In 2003, soon after graduation, Sweeney caught Cirque du Soleil’s touring production of “Varekai” for the first time.

She was besotted by the aerial performers.

“To me, it was ballet in the air. I was so inspired,” Sweeney said. “Right away, I was pretty obsessed with how to learn that.”

Hilary Sweeney, owner of Westchester Circus Arts in Ardsely shows off some to the equipment that she teaches students on Feb. 26, 2018. 


Let go of fears

She soon found a mix of trainers, mostly traveling performers who would teach classes at warehouse spaces in New York City. Eventually, she started using most of her vacation time to train intensively in Montreal and San Francisco.

Working with aerial silks became her passion. While it was hard, it was also a confidence-building exercise.

“You have to let go of so many fears to accomplish this, you are constantly battling your insecurities. You have to get over your fear of heights and get physically strong,”  Sweeney said. “The combination of all of that is an empowering process, particularly for females. It’s only you up there and you have to trust yourself and your skill.”

In about three years, at age 25, she was performing professionally, including fashion shows at Cipriani as an aerialist on the runway and with off-Broadway productions. Eventually, it got to a point where she could no longer manage all the gigs she was booking with her full-time job at PepsiCo.

Hilary Sweeney, owner of Westchester Circus Arts in Ardsley shows off some of the equipment that she teaches students on Feb. 26, 2018. 


It was time for her to choose.

“Pepsi was a very stable job and performing is not. It was one of the hardest decisions I had to make in my life. At that time, I was just offered a promotion. It was like having golden handcuffs,” Sweeney said. “I only had six weeks of performances lined up and then I had to figure it out. But in my heart I knew I just had to explore this path.”

She hasn’t looked back since.

Starting out

To fill gaps between performances, she started teaching classes at the Tarrytown YMCA, also using the space to train for her own shows.

“The program grew and grew and grew, so that’s when I decided to start the Westchester Circus Arts in 2012,” Sweeney said. “I also had to move spaces because the Y had so many programs going on, it was hard to schedule so many classes.”

Westchester Circus Arts now operates out of LIFE, an event space in Ardsley. It offers summer camps and after-school lessons for kids 5-18. It also has a range of aerial arts for adults including aerial silks, lyra (a suspended hoop that spins), and static trapeze.

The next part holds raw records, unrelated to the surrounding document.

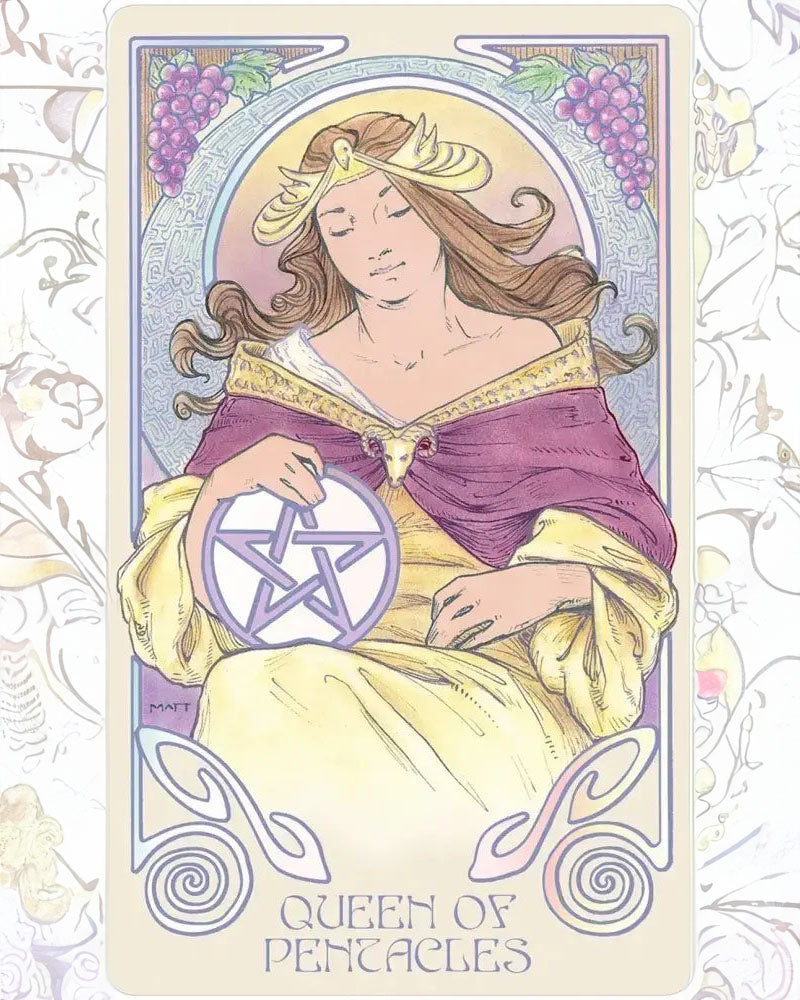 Ethereal Visions Luna 80 Card Tarot Deck & 140pg Full Color Guidebook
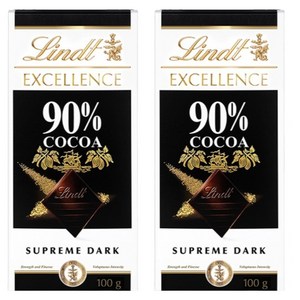 린트엑셀런스 다크 90% 초콜릿, 100g, 2개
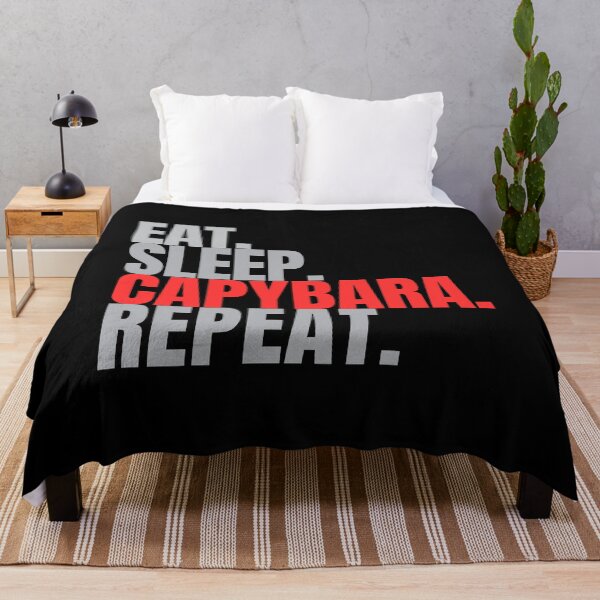 Item preview, eat sleep capybara repat designed and sold by Lucasso432.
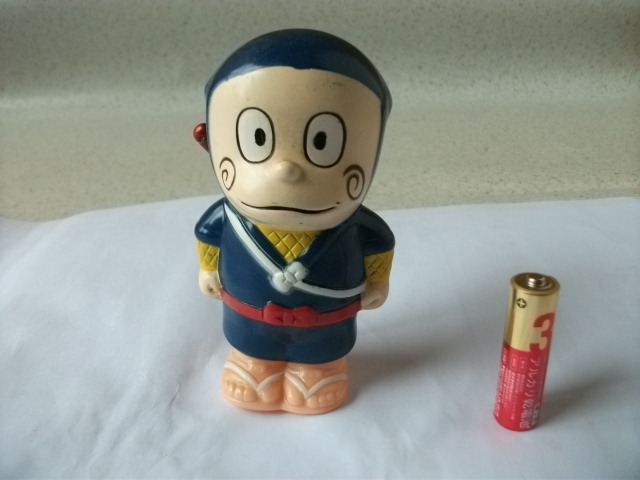 希少 レア 非売品 当時物 住友銀行 忍者ハットリくん 貯金箱 ソフビ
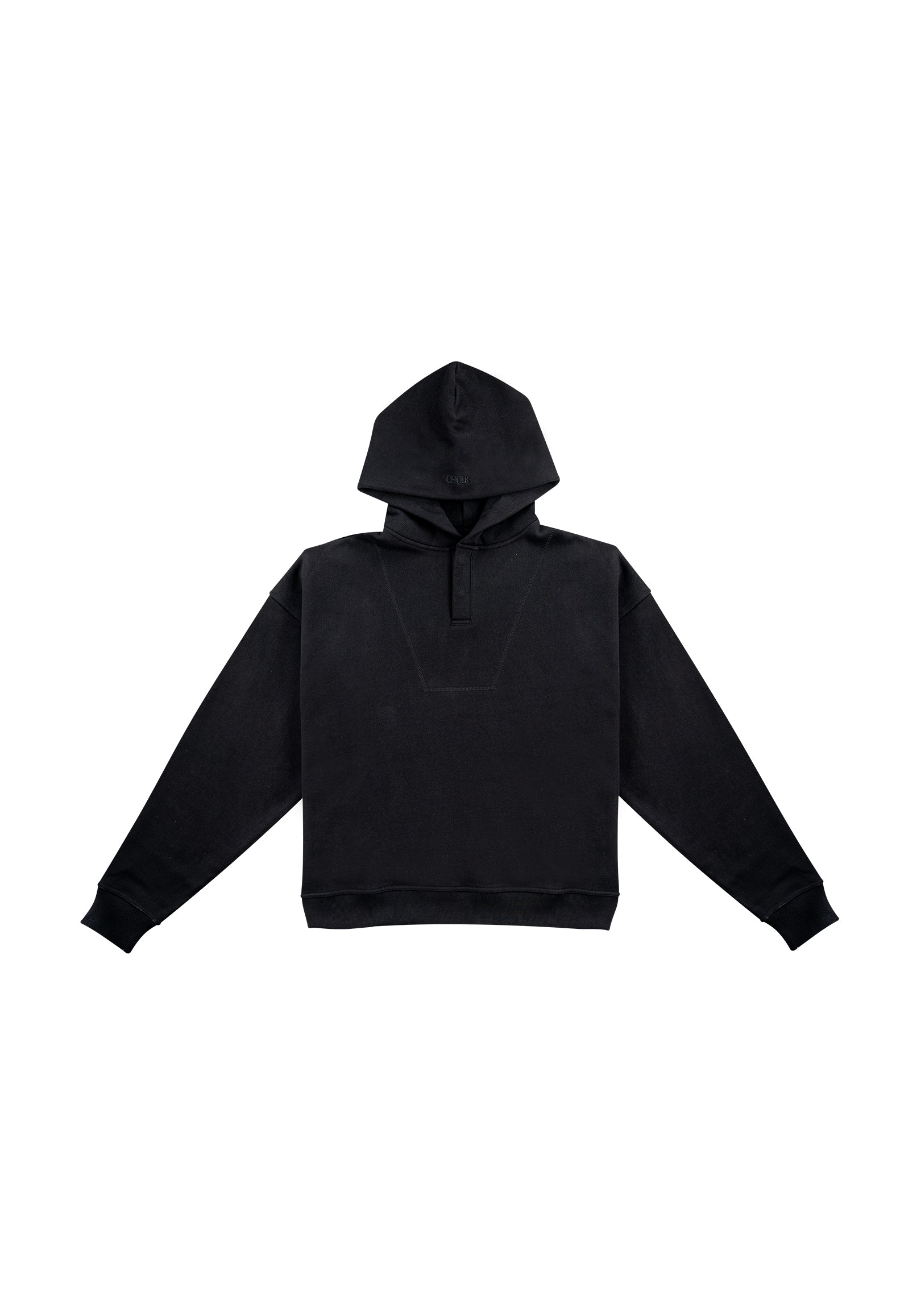 Neutrals Panel Hoodie - Black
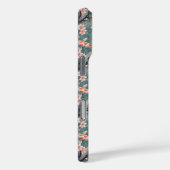 Japanese Sakura Koi Fish Print Monogrammed Case-Mate iPhoneケース (裏面 / 右)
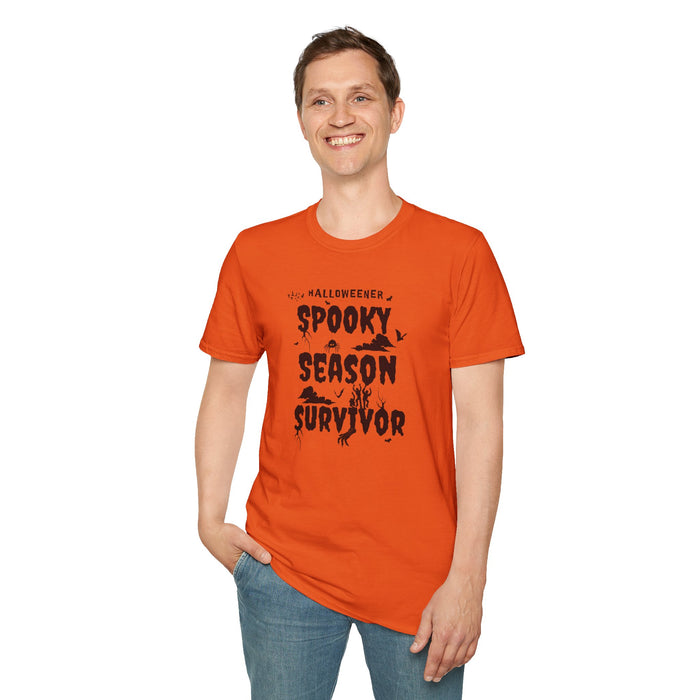 "Spooky Season Survivor' Unisex Softstyle T-Shirt.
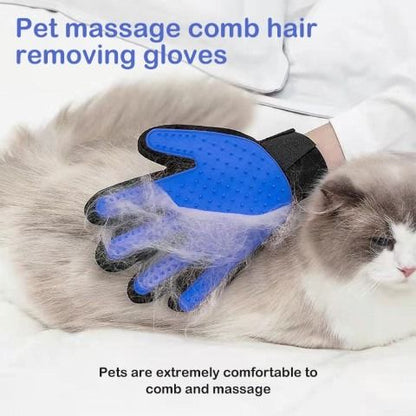 Pet Massage Brush and Grooming Gloves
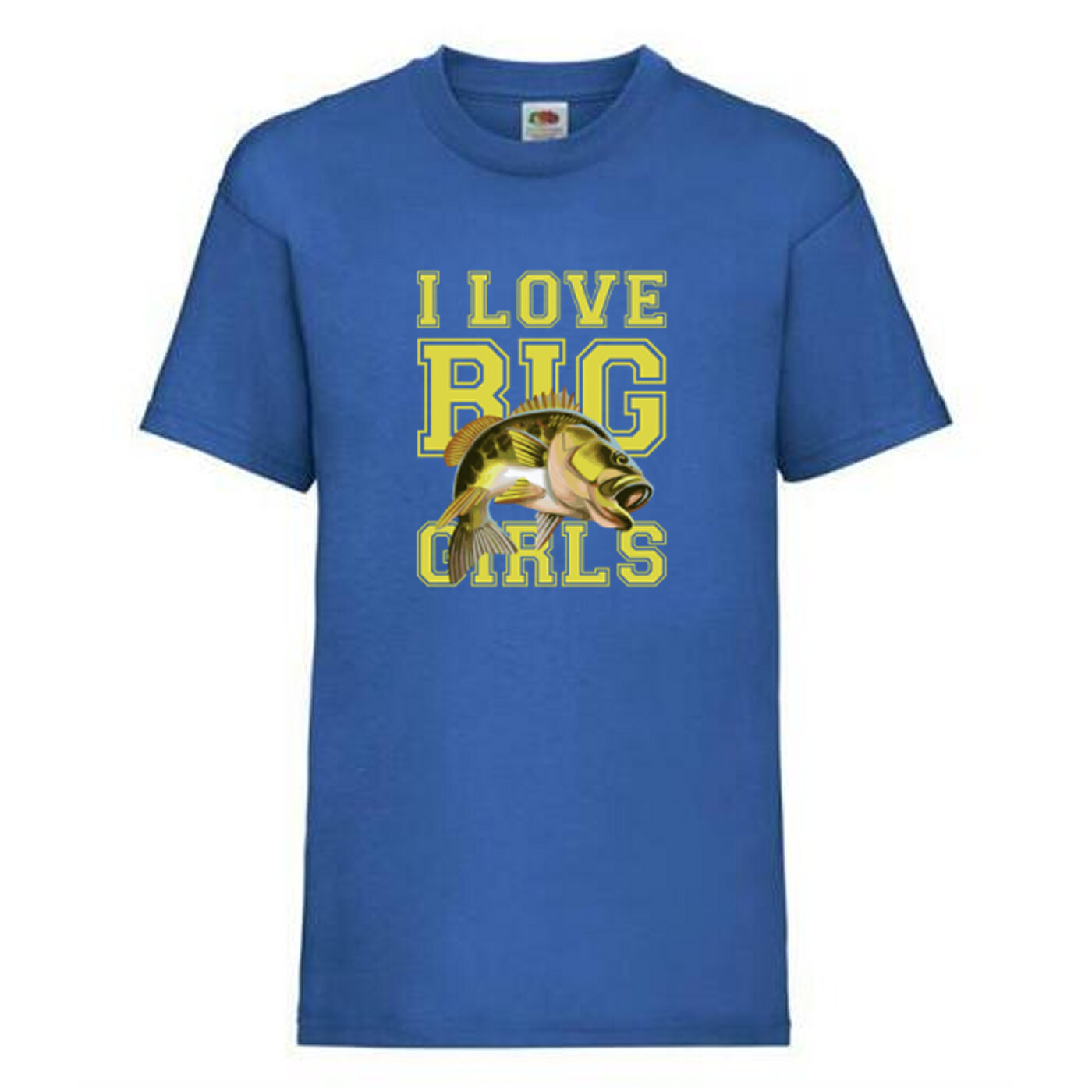 Fishing I Love Big Girls Fish Humour Novelty T Shirt Various Colours And Sizes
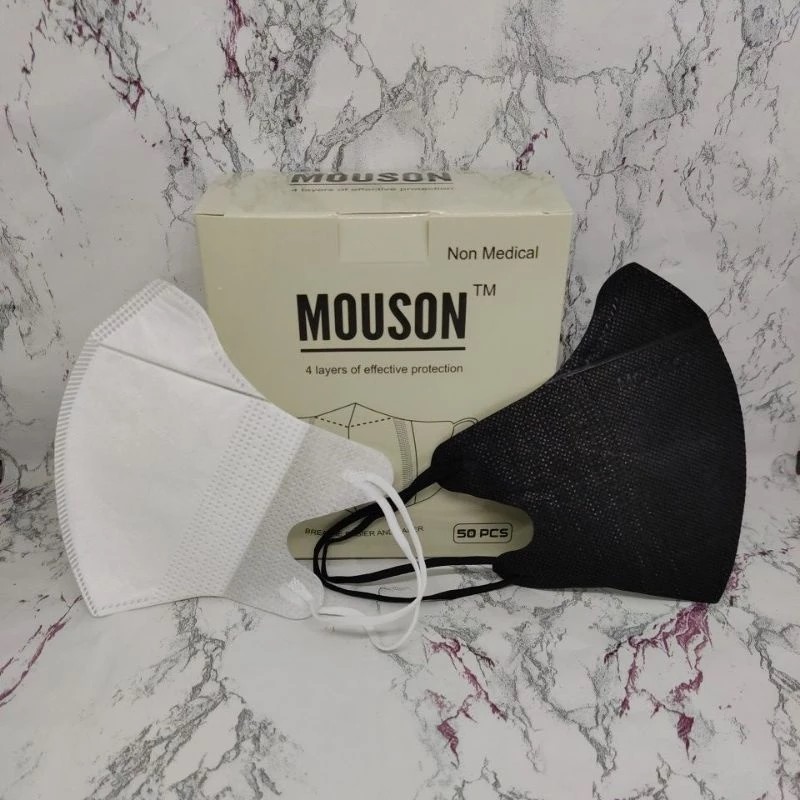 (ISI 50) Mouson Masker Duckbill PUTIH Dewasa - Disposable Mask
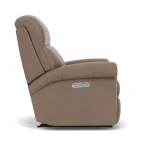 Davis Leather Power Recliner with Power Headrest - Image 4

Following her passion not only gave her a new career, it also brought her love.

Sweeney met her future husband Carlo Pellegrini, a veteran circus performer who has traveled the world with Lichtenstein Circus, Big Apple Circus, and Nikolais Dance Theater, while training for a production the two were performing in. 

Lohud’s Swapna Venugopal Ramaswamy climbs up an aerial hoop — known as lyra — under the watchful eyes of Hilary Sweeney, owner of Westchester Circus Arts in Ardsley on Feb. 26, 2018. 


“It’s an aerialist and juggler love story,” Sweeney said. “For us, circus is a way of life, not just a job.”

The couple lives in Nyack. Pellegrini, who serves as a director for Westchester Circus Arts, is also the founder of Amazing Grace Circus, a community circus nonprofit which works with at-risk youth. This summer, the duo plans to conduct their summer camp under a big one-ring circus tent at the Harvey School in Bedford. The weekends will feature professional acts.

Sharing the love

Sweeney said a lot of her students have never been to the circus.

“I think it’s the screen culture. They have seen it on YouTube so they think they don’t need to go see the show,” Sweeney said, adding that the tent and professional acts was their way of bringing the circus to the kids. “I can’t stress enough to my kids how different it is to see a live performer in front of you, no strings attached, no CGI (computer-generated imagery).”

On Monday, Caileigh Doyle, 10, of Dobbs Ferry was warming up at LIFE in Ardsley before heading to her afterschool class.

“I like circus arts because it makes you feel stronger just by doing all these different moves,” Caileigh said. “It makes you feel good and fearless.”

What advice does Sweeney have for women looking to strike out on their own?

  • “You don’t need to have to have all the answers going into it. You learn a lot by talking to people and having business mentors.
  • “Surround yourself with people smarter than you and ask questions.
  • “Learning accounting is important. As an artist, I tend to do a lot by instinct but I learned the hard way that in business you have visit your books every day, even if numbers aren’t your thing.
  • “Immersing yourself in all the aspects early on, you become more empowered and you are not just delegating without knowing what’s going on.”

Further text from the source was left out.